• **Exercise brief**
Beginning with the line that holds "Рубашка мужская Marmot" in the data below, give again every line through the one that holds "Honda CB 500 1996 Honda CB 500 1996", exactly as written.

• **Record excerpts**
>>>

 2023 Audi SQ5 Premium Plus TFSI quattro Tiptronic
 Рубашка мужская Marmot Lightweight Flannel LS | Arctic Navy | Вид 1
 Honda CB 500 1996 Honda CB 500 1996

<<<
>>>

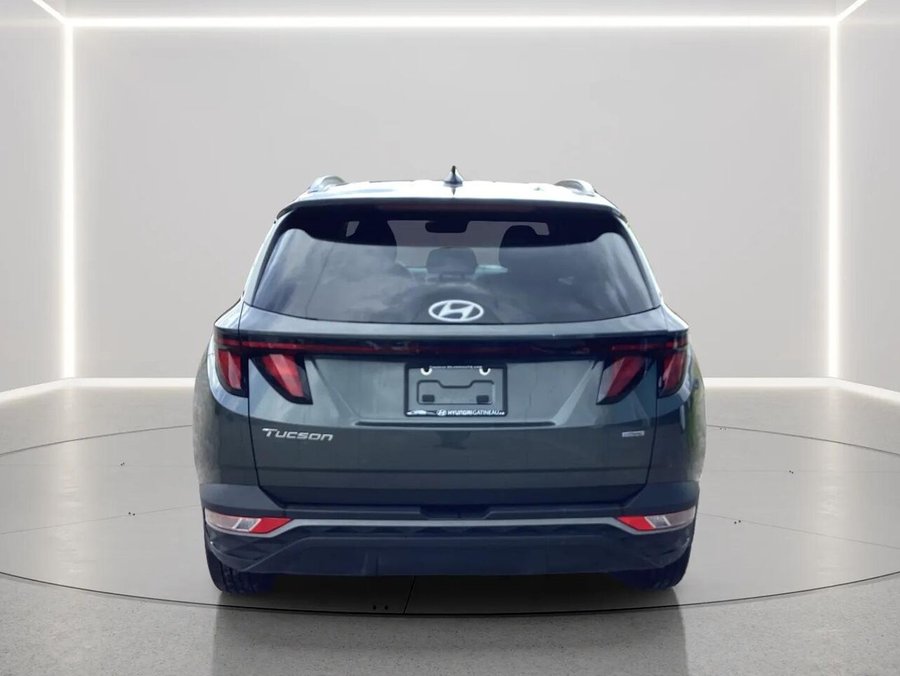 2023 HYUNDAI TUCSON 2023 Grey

<<<
>>>

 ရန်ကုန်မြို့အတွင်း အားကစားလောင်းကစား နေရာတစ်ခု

<<<

• **Answer box**
 Рубашка мужская Marmot Lightweight Flannel LS | Arctic Navy | Вид 1
 Honda CB 500 1996 Honda CB 500 1996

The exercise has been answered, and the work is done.